PORSCHE E VOLKSWAGEN PRONTE PER LA FUSIONE

Mai rovesciamento di fronte è stato più clamoroso nella storia recente del mondo automobilistico tedesco. Doveva essere una scalata; sarà invece una fusione, quella tra Porsche e Volkswagen.
Anticipata dalle voci dei giorni scorsi, l’operazione tutta famigliare è un nuovo tassello in un mondo dell’auto in fortissimo cambiamento, come dimostra anche il tentativo di Fiat di assorbire Opel dopo aver siglato l’alleanza con Chrysler.
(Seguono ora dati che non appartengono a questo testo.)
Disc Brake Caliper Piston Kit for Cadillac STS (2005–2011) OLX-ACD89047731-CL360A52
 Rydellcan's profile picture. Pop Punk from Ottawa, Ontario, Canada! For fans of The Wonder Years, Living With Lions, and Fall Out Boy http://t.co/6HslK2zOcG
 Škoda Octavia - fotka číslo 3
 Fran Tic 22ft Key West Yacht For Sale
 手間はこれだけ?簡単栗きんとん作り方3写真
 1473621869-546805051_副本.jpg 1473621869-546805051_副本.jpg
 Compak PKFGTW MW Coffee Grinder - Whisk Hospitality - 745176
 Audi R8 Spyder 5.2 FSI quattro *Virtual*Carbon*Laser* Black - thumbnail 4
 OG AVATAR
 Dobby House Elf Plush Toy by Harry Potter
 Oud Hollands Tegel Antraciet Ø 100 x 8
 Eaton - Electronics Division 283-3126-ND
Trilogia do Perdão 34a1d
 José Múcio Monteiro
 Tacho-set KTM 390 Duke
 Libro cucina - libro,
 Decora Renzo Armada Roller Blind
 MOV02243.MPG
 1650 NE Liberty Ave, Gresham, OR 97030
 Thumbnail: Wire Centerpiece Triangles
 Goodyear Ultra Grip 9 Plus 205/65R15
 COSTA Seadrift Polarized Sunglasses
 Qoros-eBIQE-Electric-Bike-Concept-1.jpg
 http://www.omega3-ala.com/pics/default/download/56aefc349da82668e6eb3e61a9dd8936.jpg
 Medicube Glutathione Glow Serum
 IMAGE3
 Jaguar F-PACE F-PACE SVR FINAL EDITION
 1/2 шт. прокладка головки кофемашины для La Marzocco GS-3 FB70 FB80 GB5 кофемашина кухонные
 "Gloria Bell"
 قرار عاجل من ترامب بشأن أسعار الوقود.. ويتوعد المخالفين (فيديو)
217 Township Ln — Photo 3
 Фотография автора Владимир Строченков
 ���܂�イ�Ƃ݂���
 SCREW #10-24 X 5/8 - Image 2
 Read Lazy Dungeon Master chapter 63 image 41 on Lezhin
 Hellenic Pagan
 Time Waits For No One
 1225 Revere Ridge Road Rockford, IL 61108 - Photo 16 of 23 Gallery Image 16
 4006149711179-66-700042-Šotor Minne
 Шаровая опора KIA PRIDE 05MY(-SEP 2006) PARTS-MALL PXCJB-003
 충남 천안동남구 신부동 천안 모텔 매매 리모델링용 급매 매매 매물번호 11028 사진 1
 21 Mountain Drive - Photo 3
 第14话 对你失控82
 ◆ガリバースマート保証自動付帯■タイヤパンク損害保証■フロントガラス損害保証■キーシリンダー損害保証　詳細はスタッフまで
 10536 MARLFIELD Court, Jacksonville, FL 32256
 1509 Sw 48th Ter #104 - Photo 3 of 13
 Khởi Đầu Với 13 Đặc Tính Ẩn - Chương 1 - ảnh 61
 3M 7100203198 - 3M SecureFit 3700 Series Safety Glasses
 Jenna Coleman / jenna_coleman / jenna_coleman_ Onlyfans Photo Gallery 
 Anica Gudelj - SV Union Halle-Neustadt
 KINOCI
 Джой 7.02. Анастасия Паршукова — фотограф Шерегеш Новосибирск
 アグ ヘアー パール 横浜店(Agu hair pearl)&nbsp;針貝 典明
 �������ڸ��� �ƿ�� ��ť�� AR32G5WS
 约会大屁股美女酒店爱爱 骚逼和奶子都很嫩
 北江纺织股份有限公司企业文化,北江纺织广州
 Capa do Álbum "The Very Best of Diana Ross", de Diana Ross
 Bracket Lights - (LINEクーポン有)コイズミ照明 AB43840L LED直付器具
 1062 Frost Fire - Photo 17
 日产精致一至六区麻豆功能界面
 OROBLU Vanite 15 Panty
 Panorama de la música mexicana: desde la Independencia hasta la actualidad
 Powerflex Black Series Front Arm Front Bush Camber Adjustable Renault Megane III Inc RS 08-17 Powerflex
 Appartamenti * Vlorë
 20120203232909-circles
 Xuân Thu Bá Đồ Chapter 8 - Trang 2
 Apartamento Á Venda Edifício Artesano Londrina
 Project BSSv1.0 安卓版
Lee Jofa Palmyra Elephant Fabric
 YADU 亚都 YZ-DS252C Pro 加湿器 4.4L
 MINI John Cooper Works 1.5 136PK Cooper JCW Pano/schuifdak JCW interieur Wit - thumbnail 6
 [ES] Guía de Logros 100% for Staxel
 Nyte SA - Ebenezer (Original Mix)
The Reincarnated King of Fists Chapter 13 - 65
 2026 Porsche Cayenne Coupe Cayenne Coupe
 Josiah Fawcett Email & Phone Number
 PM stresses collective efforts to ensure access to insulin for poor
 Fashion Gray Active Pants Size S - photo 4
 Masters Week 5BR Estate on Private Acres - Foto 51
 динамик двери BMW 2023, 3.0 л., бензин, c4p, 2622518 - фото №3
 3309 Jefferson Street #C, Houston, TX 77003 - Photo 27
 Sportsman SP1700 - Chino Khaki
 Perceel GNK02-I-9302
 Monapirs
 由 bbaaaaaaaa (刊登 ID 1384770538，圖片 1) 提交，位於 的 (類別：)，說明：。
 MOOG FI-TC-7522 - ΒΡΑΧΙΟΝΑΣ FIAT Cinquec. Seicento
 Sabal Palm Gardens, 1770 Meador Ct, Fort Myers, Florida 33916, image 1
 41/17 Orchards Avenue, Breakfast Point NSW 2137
L’obiettivo è di creare una società "integrata", ha spiegato Porsche in un comunicato con il quale ha annunciato una fusione con Volkswagen. «Nella struttura finale, sotto lo stesso tetto vi saranno dieci marchi tutti indipendenti l’uno dall’altro». In particolare verrà salvaguardata proprio l’indipendenza di Porsche, una società che come poche altre nel giro di pochi mesi ha subito in pieno crisi economica e crash finanziario.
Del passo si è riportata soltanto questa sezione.